Scaled logarithmic binning in python


I'm interested in plotting the probability distribution of a set of points which are distributed as a power law. Further, I would like to use logarithmic binning to be able to smooth out the large fluctuations in the tail. If I just use logarithmic binning, and plot it on a log log scale, such as

pl.hist(MyList,log=True, bins=pl.logspace(0,3,50))
pl.xscale('log')

for example, then the problem is that the larger bins account for more points, i.e. the heights of my bins are not scaled by bin size.

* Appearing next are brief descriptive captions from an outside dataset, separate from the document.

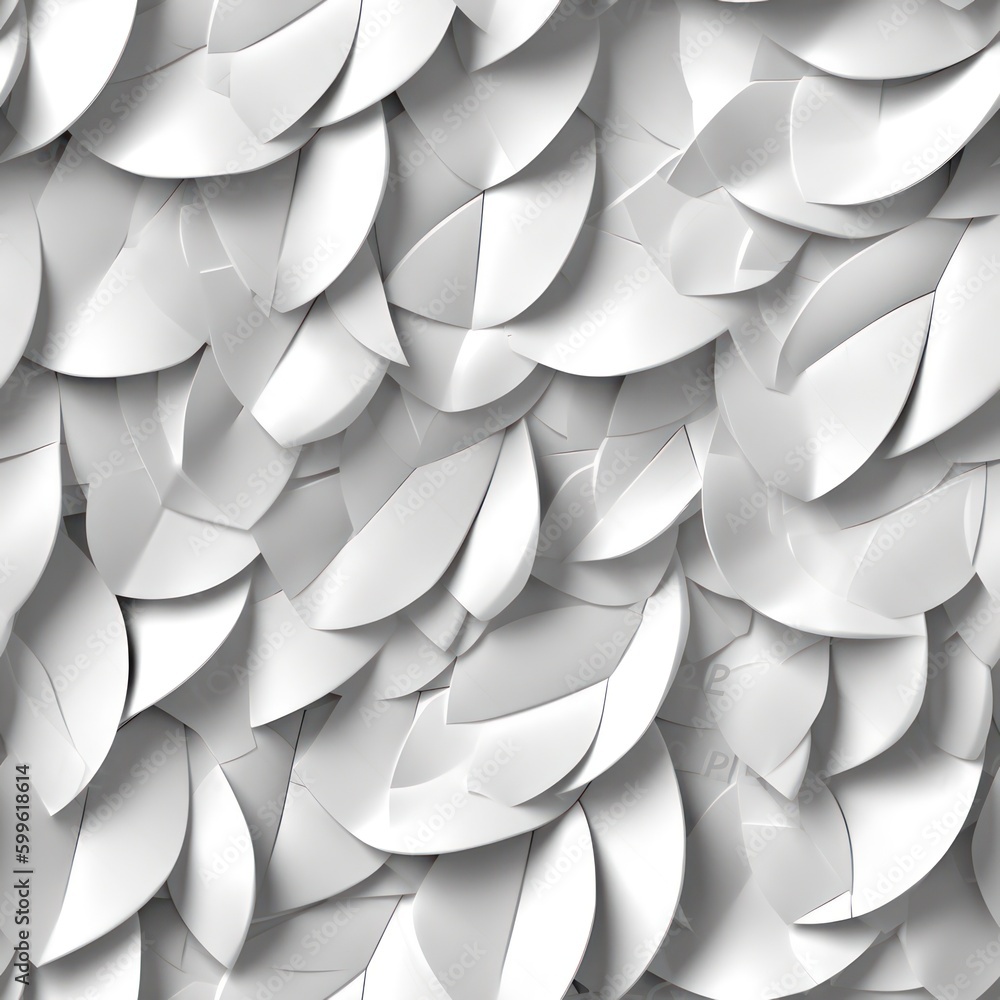 Poster white textured foliage with shadows background seamless pattern .
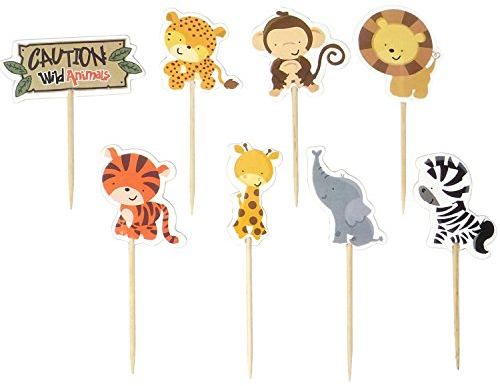 Honbay 48PCS Double Sided Zoo Animal Theme Dessert Muffin Cake Cupcake Toppers Picks Cake Decoration for Jungle Safari Themed Party, Baby Shower or Birthday Party Decoration,etc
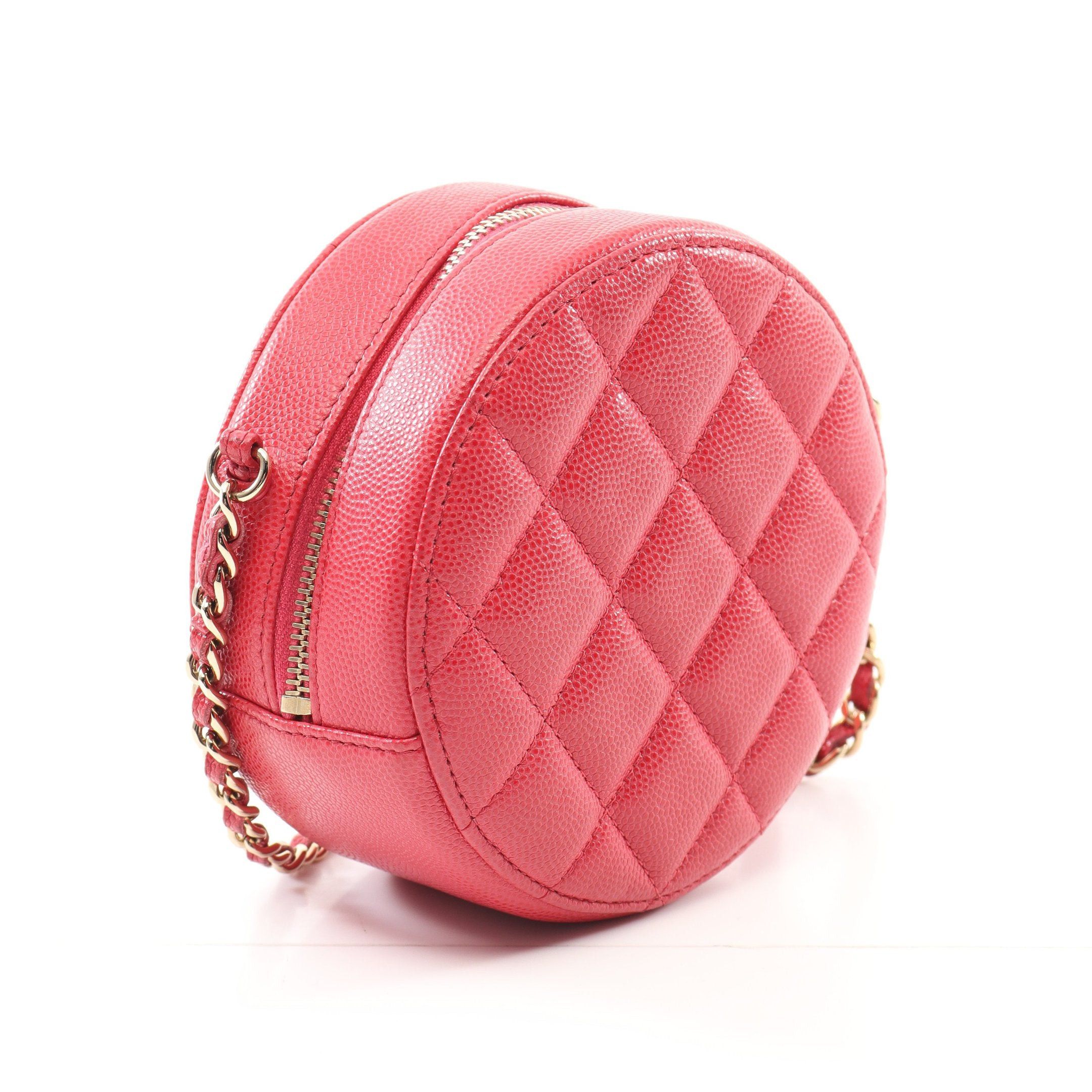 Chanel Chanel Matelasse Round Mini Chain Shoulder Bag Caviar Skin Red Gold Hardware Size ONE SIZE - 2 Thumbnail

Is there a way to use logarithmic binning, and yet make python scale all the heights by the size of the bin? I know I can probably do this in some roundabout fashion manually, but it seems like this should be a feature that exists, but I can't seem to find it.


Solution

  • Matplotlib won't help you much if you have special requirements of your histograms. You can, however, easily create and manipulate a histogram with numpy.

    import numpy as np
    from matplotlib import pyplot as plt
    
    # something random to plot
    data = (np.random.random(10000)*10)**3
    
    # log-scaled bins
    bins = np.logspace(0, 3, 50)
    widths = (bins[1:] - bins[:-1])
    
    # Calculate histogram
    hist = np.histogram(data, bins=bins)
    # normalize by bin width
    hist_norm = hist[0]/widths
    
    # plot it!
    plt.bar(bins[:-1], hist_norm, widths)
    plt.xscale('log')
    plt.yscale('log')
    

    Obviously when you do present your data in a non-obvious way like this, you have to be very careful about how to label your y axis properly and write an informative figure caption.